The magicians stare at me from across the room. I’m afraid they expect too much. I try to think of something that will amuse them, but I don’t do tricks, can’t draw or sing. So I put words together in the hope that they’ll see I’m a person of consequence.
I don’t feel cursed by their stare. I’ve known them a very long time, a few from childhood. They’re patient. They’ve worked and practiced tirelessly to become wondrous. Even though I know some of their secrets, their feats are still magical to me. But I’m afraid that I’m not adequate, unworthy to be in their company, that I won’t live up to their expectations. I’m afraid that I’m more ordinary than the person they think me to be.
They hold skulls, crystal balls, and canes. They’re accompanied by scantily-clad women, imps and phantoms. One is known to ride a white dragon.
If I had a magic power it would be invisibility. I’ve thought about this for a very long time but my efforts to achieve invisibility are less than successful. I get closer to my goal as I age as few people notice the elderly. I don’t think I behave elderly or think elderly (maybe a bit). When people get to know me they often think I’m younger despite my looks. (This may be the result of immaturity.) When I was young, I wanted to look older. I’m not pleased with my looks but they’re better than some. Perhaps you have to wait till you die to become an invisible spirit, one that watches over it’s loved ones and laughs at the folly of the living. Sometimes I feel my mother and grandmothers hovering about me.

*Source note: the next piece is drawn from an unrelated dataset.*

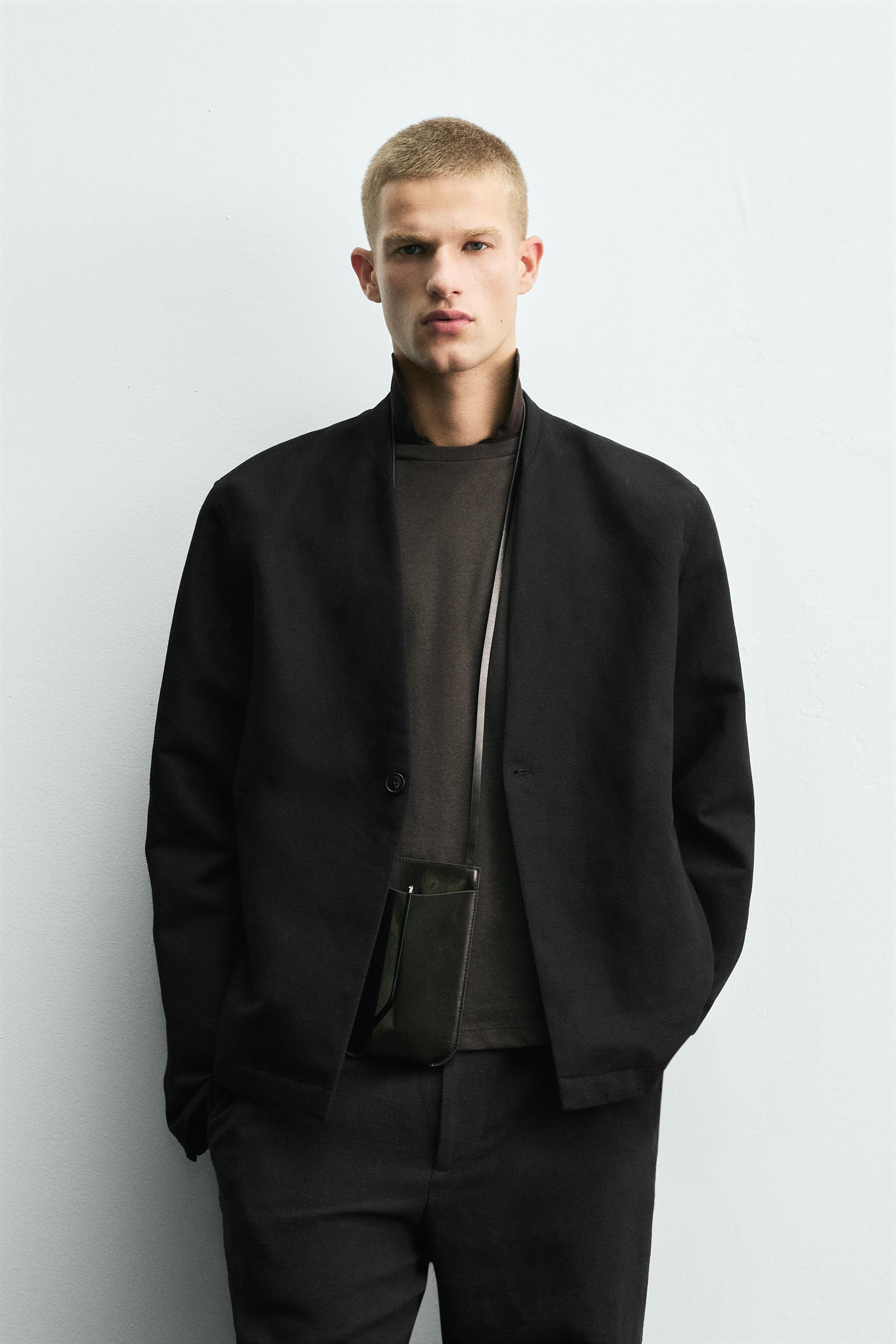 BLAZER TRAJE ALGODÓN LINO Negro ZARA España1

I keep the small case with my father’s close-up act on a high shelf waiting for one of his descendants to show an aptitude for magic. Sometimes I hear my father’s voice. Perhaps he and the women in my family have already reincarnated and I don’t recognize them. But surely I would; I’ve recognized others.
Perhaps I’m more invisible than I think.
Magicians are obsessive. They’re perfectionists. They have to be. They plan for occasions when something goes wrong but they practice practice practice so that won’t happen. Like them I hope for the best, but plan for exceptions. The problem is that my plans don’t always work out and most of the time I’m left to fly by the seat of my pants, something a magician would rarely resort to. Past success with this practice should raise my confidence, but it isn’t a secure feeling.
I accept that it’s life as it is. We must be flexible—in body and spirit. I hope that I won’t become rigid in my dotage—which I’m facing with immediacy. I see what happens when you can’t roll with the times and your magic declines. It’s not a pretty sight.
Magic happens everyday. Much of it goes unnoticed: the slivers of sunrise that escape from behind your bedroom curtain, the mischievous smile on a child who’s discovered trouble, fiery moonlight reflected in a glass of wine on the windowsill. There are times when you should have been killed but were miraculously saved. There are times that someone phones at the moment you think of them. Such magic doesn’t call for men in capes or tuxedos, women in sparkly body suits or gypsy scarves to enable it. It’s in the air, in the aura that surrounds you. We may not be Thurston or The Great Oremor, but we can occasionally command magic.
Even me, pop.
Magicians need a lot of upkeep. Crystal balls have to be polished, cards coated and dusted with talcum. Doves and rabbits have to be fed, their cages cleaned. Silks must be washed by hand; costumes kept clean and unwrinkled. The tasks are never-ending. Most magicians are well-groomed, their grooming as obsessive as the rest of their lives. Of course there are some who are slovenly. They live with paraphernalia precariously piled (say that three times), books and papers, animal droppings. They’re too busy studying, practicing, inventing, and communicating with other magicians to remember to bathe.
Then there are gypsies…
My father’s wand was broken and tucked into his coffin by fellow magicians. We may not live in one of The Great Eras of Magicians but it’s not the last we’ll see them. It certainly isn’t the end of magic. Even though magic isn’t reliable and never seems to happen when you want it, it’s all around you. It occurs on its own terms. Just when you’re on the verge of not believing: Bam! It hits you. It doesn’t coddle the disbelievers, those who grasp at explanations; it does it’s best to perplex them. It may transform your day, your thoughts, your relationships, but it’s prudent to stay open, for it occurs in unlikely places: a simple tune, an old book…It may be lurking under your bed, or in your pocket. It’s in the wind, the trees, the night sky.